Here’s one other thing about the experience I had winning at the Huntsman Tennis Tournament earlier this month. Yes, a huge part of getting through that last rough match was my positive thinking and just taking it one point at a time but there is one other thing, something very fundamental, that made it possible for me to stay in a positive thought mode and persevere even though I was exhausted. It was my innate habit of taking action.

It’s no wonder that the phrase “Do as I say, not as I do” is so often used. Many people, even when they know they should take action, ignore the wisdom they possess and do nothing. But the most successful people not only know what action to take, they actually do it, naturally and automatically. If a great opportunity comes along, they don’t hem and haw and spend so much time weighing the pros and cons that it becomes too late. They also don’t sit back and do nothing just because there is risk involved or quit when things become difficult. Success, by definition, is a result of actions taken. You cannot be successful without actually doing something.

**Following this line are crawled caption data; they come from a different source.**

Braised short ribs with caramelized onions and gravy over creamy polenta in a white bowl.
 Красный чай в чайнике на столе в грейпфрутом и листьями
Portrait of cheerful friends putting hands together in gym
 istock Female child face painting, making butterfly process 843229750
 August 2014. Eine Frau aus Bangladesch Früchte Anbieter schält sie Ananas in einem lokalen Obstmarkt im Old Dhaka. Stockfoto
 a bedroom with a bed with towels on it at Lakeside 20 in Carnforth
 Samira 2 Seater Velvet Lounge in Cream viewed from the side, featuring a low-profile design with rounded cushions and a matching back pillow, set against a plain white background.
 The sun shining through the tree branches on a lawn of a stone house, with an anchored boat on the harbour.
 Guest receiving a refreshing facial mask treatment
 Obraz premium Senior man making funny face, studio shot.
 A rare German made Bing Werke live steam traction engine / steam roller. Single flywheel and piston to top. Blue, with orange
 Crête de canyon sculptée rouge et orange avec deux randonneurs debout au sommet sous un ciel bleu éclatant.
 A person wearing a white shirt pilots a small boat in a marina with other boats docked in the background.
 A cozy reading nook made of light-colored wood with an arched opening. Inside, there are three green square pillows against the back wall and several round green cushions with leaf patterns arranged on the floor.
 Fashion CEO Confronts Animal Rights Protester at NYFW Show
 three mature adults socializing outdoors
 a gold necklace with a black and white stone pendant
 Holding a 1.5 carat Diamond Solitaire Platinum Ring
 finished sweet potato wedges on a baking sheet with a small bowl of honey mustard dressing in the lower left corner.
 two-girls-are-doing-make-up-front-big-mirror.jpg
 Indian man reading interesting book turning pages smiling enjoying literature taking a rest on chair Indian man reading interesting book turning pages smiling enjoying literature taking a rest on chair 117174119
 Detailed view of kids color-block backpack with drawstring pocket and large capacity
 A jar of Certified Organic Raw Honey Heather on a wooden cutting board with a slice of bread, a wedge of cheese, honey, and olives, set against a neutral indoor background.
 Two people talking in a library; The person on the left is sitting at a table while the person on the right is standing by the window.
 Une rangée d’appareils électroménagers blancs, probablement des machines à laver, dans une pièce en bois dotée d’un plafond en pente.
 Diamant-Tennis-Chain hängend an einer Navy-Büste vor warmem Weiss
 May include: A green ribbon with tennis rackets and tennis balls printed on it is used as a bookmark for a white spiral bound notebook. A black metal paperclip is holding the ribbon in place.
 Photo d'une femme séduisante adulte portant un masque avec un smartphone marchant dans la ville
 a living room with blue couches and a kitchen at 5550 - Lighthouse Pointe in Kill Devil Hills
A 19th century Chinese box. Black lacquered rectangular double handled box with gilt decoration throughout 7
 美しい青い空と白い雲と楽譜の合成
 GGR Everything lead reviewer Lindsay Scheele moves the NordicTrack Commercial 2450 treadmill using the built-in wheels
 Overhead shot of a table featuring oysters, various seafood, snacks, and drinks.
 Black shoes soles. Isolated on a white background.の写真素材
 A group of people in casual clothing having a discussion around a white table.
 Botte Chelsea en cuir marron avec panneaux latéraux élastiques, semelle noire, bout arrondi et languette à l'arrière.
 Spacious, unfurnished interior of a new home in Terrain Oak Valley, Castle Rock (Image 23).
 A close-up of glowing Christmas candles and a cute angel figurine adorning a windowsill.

So ask yourself, “Is action or inaction my habitual response to a new opportunity or a bump in the road?” Start paying attention to how often you choose not to act or delay reacting. This can involve anything—a chance to meet new people and network, buying a book or tool that looks like it might be helpful, investing in a potentially lucrative but risky new venture, or being in a competitive situation like my tennis match. If inaction seems to be your default, start making conscious decisions to act even when your instinct is telling you to go sit it out. I bet you’ll be surprised at how often the outcome is in your favor and how energized you are just because you tried.

Just look at me. I came very close to losing that match but even if I had, I would have known that I gave it my all and that would have been infinitely better than throwing down my racquet and calling it quits. And look at what my persevering action resulted in! A gold medal and a hard earned win that I am immensely proud of.

This is not to say that you should just act on anything that comes your way. Make informed decisions and follow common sense. But, next time, act on a potentially good thing and keep moving forward even when things get tough. See if you’re not happy that you did it, regardless of the results. Eventually, if you keep forcing yourself to act, it will become automatic. And so too, will success.